CSSJ Seminar Room
94 Waterman St
“Forgetting History and Recovering Collective Memories of Enslavement
in the North”
Marc Howard Ross,
Bryn Mawr College
Slavery existed in all the colonies and later states in the North beginning in 1626 and only ending in 1865. Yet our popular histories and collective memories virtually ignored its existence and saw slavery as a Southern problem. Why and how did this happen? How, in recent decades, has there been a growing popular awareness of enslavement in the North? To address these large questions, Ross will outline the centrality of popular narratives, ritual expressions and enactments, and a presence on the public and commemorative landscape to the existence and transmission of collective memories. Finally, he suggests six plausible explanations for the attrition of collective memories of enslavement in the region and how overcoming each has contributed to an increasing awareness of the North’s participation in slavery.
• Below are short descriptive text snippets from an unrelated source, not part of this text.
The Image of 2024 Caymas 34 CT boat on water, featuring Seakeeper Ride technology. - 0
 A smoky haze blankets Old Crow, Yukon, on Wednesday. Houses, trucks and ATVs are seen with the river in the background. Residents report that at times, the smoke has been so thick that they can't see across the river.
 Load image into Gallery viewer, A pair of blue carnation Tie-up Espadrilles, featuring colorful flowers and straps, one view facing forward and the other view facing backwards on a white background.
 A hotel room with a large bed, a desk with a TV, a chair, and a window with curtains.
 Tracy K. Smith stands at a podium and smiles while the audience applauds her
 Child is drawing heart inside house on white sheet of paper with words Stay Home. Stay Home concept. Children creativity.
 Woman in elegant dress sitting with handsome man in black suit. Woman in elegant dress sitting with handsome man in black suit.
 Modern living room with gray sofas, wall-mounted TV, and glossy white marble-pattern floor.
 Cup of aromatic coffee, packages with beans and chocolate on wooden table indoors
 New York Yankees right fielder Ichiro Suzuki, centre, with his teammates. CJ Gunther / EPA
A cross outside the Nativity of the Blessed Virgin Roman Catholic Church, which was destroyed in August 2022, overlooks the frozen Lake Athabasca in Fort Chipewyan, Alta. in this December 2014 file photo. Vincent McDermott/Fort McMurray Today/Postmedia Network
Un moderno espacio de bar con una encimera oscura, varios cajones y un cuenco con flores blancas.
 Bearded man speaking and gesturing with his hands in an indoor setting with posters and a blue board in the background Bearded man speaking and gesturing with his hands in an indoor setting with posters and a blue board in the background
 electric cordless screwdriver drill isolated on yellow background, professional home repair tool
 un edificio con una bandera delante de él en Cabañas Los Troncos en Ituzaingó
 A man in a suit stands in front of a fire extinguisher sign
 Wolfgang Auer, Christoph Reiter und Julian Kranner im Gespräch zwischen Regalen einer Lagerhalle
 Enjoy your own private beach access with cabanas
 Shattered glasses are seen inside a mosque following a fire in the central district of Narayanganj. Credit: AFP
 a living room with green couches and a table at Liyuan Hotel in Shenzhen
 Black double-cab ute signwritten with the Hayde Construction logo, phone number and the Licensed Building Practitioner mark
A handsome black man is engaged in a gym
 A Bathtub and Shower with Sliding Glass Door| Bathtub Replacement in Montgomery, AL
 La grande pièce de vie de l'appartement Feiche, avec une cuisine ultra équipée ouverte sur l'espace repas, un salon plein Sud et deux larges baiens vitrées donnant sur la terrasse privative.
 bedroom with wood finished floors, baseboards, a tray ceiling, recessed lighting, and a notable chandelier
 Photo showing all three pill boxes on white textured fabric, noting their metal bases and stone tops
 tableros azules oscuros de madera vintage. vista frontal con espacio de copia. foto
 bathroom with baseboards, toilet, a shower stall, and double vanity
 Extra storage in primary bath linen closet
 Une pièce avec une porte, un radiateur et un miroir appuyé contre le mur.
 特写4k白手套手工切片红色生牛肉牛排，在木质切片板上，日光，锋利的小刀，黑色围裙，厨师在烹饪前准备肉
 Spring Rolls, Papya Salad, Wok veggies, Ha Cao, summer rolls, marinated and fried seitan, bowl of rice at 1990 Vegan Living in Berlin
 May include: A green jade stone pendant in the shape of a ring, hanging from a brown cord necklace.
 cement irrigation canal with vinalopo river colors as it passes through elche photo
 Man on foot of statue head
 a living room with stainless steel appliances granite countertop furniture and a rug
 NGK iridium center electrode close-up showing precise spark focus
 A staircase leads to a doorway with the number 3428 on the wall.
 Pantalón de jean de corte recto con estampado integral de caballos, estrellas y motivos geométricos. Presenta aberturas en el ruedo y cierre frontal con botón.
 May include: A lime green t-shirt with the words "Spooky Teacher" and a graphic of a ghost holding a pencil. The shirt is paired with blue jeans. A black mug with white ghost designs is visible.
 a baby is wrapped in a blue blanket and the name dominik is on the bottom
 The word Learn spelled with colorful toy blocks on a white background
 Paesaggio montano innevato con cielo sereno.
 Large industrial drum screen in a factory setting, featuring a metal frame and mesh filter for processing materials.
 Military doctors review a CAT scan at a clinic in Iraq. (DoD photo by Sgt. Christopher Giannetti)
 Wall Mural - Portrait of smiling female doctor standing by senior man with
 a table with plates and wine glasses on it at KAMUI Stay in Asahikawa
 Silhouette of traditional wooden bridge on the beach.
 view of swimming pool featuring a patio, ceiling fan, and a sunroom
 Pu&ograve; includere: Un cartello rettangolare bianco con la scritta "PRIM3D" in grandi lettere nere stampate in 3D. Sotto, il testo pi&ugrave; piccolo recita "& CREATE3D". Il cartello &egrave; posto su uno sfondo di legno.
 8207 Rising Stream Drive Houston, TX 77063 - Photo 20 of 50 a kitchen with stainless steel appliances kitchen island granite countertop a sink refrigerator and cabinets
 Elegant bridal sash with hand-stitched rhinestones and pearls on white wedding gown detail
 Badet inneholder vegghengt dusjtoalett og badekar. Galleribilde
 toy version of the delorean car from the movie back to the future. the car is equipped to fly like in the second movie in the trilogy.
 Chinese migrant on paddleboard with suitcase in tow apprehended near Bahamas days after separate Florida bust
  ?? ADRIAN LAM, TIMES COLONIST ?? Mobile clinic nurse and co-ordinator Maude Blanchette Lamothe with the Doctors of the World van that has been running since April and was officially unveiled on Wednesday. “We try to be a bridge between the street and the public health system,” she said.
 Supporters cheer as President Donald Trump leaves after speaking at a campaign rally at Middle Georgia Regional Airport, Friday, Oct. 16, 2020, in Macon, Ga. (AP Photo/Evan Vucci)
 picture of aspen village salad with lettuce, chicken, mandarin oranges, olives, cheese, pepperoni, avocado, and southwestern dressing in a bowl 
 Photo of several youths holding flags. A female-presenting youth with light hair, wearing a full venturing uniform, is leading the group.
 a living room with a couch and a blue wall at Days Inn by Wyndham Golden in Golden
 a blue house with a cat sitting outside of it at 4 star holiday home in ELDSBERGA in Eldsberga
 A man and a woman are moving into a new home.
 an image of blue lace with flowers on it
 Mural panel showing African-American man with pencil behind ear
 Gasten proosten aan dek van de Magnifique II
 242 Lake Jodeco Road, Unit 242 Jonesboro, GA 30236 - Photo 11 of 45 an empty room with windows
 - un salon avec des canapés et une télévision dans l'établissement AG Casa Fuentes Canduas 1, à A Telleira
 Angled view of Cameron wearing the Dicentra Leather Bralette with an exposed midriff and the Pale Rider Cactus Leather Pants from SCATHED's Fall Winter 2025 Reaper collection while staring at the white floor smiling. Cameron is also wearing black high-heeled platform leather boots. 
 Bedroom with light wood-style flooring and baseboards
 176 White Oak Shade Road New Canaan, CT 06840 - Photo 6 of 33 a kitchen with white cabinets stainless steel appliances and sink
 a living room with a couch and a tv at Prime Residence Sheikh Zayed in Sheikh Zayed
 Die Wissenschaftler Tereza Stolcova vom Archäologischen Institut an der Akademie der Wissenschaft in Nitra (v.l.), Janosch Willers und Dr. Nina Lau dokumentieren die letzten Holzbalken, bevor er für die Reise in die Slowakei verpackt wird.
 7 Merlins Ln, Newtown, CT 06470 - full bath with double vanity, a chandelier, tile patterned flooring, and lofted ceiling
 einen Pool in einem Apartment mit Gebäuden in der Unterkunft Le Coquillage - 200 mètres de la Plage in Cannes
Marc Howard Ross is the William Rand Kenan, Jr. Emeritus Professor of Political Science at Bryn Mawr College where he taught Political Science and Peace and Conflict Studies from 1968-2014. He was educated at the University of Pennsylvania and Northwestern University, and is the author of six books including most recently Slavery in the North: Forgetting History and Recovering Memory” (2018, University of Pennsylvania Press), and Cultural Contestation in Ethnic Conflict (Cambridge University Press, 2007). His research experience is wide ranging and includes field research focusing on ethnic and racial conflict in Kenya, France, Spain, Northern Ireland, South Africa and the United States.